CS induces cholestasis at lower concentrations, probably by another mechanism(s) than the other signs of hepatotoxicity (enzyme release, ATP depletion). Several lines of evidence indicate a probable participation of reactive oxygen species in CS-induced hepatotoxicity. GSH, DFO, glycine and serine could provide therapeutic opportunities to prevent CS-induced hepatotoxicity in patients treated with high doses of CS.

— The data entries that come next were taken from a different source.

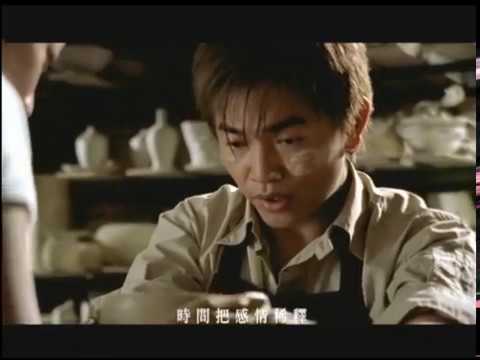 吳宗憲 Jacky Wu《患得患失》官方中文字幕版 MV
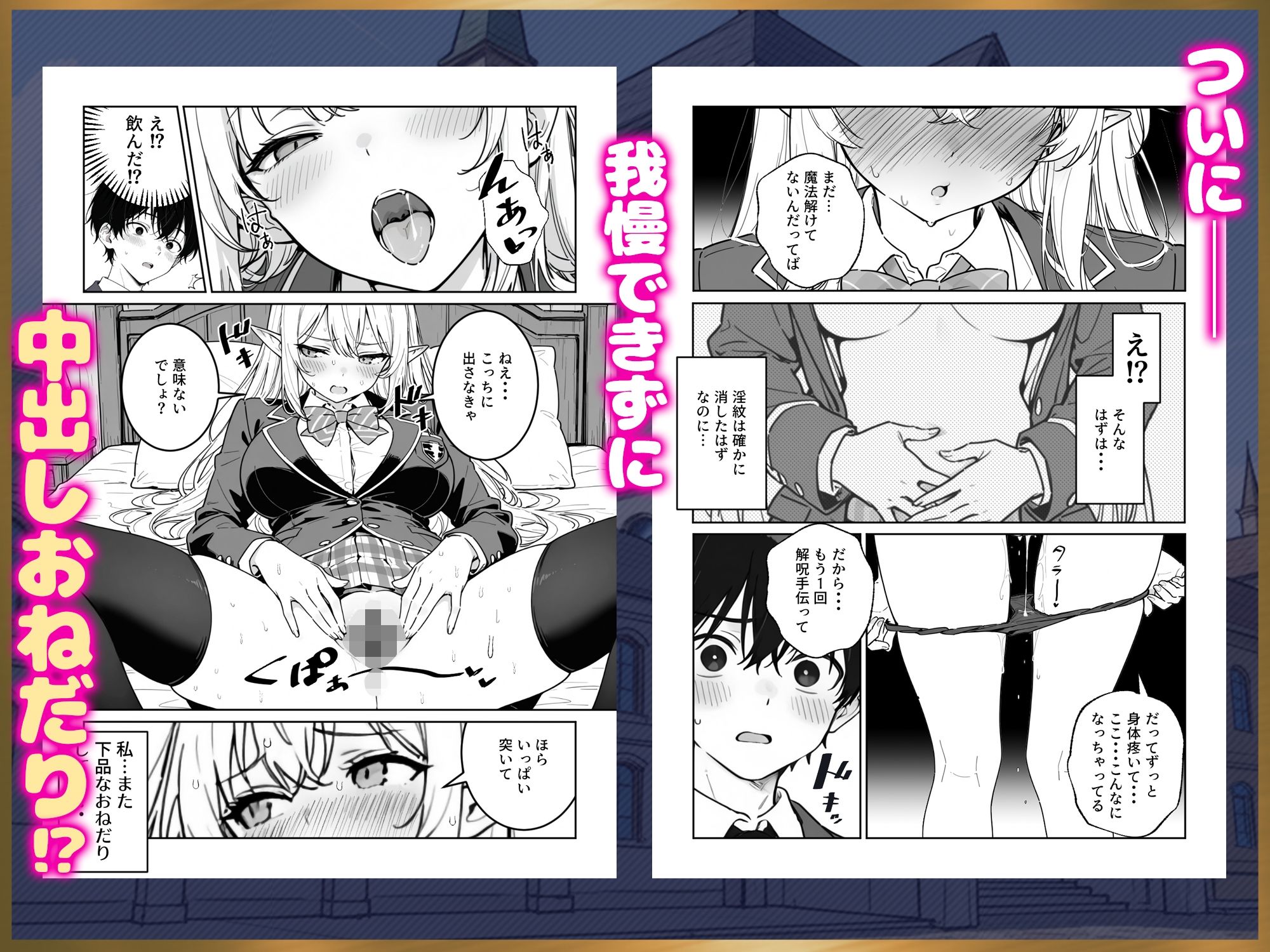 エリートお嬢様エルフが催淫魔法にかかってしまい中出しセックス中毒に!? 画像9
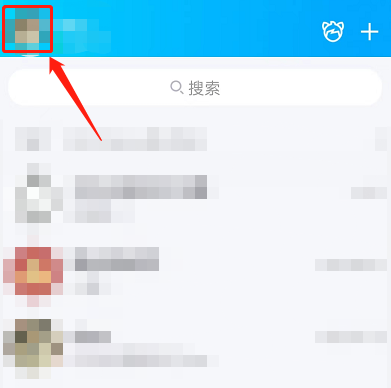 QQ怎么设置超级QQ秀头像?QQ设置超级QQ秀头像方法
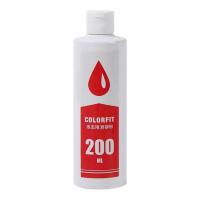 ราคา Cheer Chalk 50ml 200ml Liquid Chalk for Fitness Superior Grip And Sweat Free Hands for Weightlifting Gym Rock Climbing Gym Pole Dancing And Fitness enjoyable (17169455808)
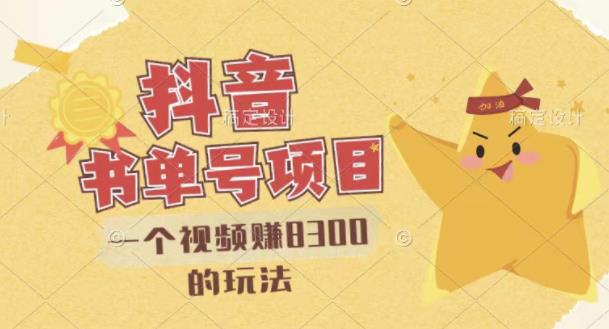 最新抖音视频号书单号项目,一个视频赚8300的玩法【详细教程+AI语音合成软件】-淘金日记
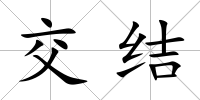 交結(jié)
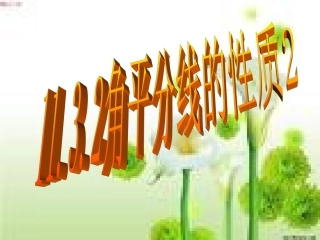 角平分线2课件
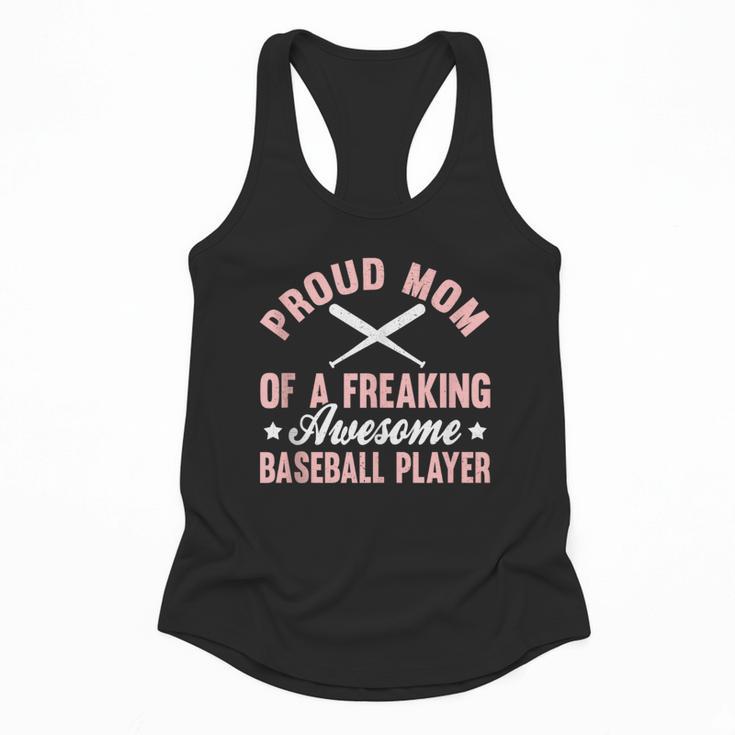 Baseball Player Pitcher Catcher Baseball Mom Mother Flowy Tank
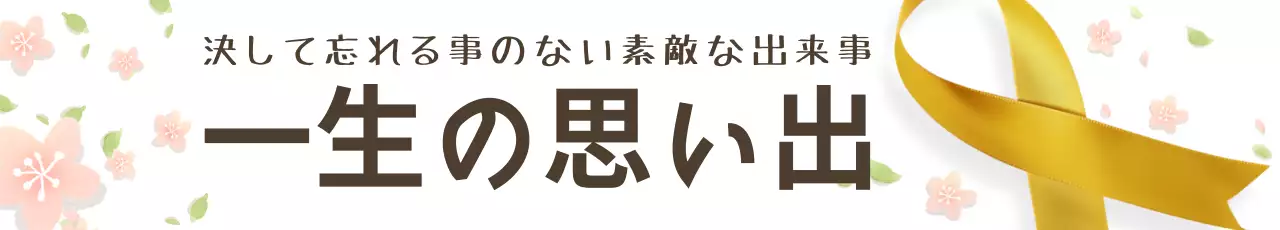 黄色 上品 記念 お知らせ ウェブバナー
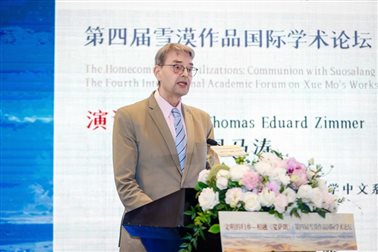 司马涛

在无血红蛋白的循环系统中,用不同浓度(2、10、50、150和200毫克/升)的环孢素对雄性大鼠肝脏进行120分钟的灌注。环孢素以剂量依赖性方式对肝脏造成损伤。肝毒性的第一个迹象是胆汁流量减少,在环孢素浓度为50毫克/升时,胆汁流量已减少50%。在150毫克/升和200毫克/升的浓度下,环孢素导致胆汁流量几乎完全抑制,此外还导致细胞溶质酶(谷丙转氨酶、乳酸脱氢酶)和线粒体酶(谷氨酸脱氢酶)释放到灌注液中,并导致肝脏耗氧量降低(在环孢素浓度为200毫克/升时降低30%)。由于有氧能量供应减少,肝脏ATP浓度下降(在环孢素浓度为200毫克/升时下降70%)。肝脏中还原型谷胱甘肽(GSH)的浓度没有变化,但氧化型谷胱甘肽(GSSG)的浓度因环孢素增加了5倍。环孢素对肝脏和灌注液中丙二醛(MDA)浓度的影响并不一致。环孢素在离体大鼠肝脏中的毒性作用不受以下因素影响:(a)大鼠的喂养状态(手术前喂食或禁食),或(b)在加入环孢素前30分钟向灌注液中添加超氧化物歧化酶(20毫克/升)和过氧化氢酶(20毫克/升)。另一方面,通过向灌注液中添加以下物质,环孢素诱导的肝损伤可以减轻或完全抑制:(1)2毫摩尔/升谷胱甘肽;(2)12毫摩尔/升丝氨酸;(3)12毫摩尔/升甘氨酸;(4)0.09毫摩尔/升去铁胺(DFO)。
环孢素在较低浓度下诱导胆汁淤积,其机制可能与肝毒性的其他迹象(酶释放、ATP耗竭)不同。多项证据表明活性氧可能参与环孢素诱导的肝毒性。谷胱甘肽、去铁胺、甘氨酸和丝氨酸可为高剂量环孢素治疗的患者预防环孢素诱导的肝毒性提供治疗机会。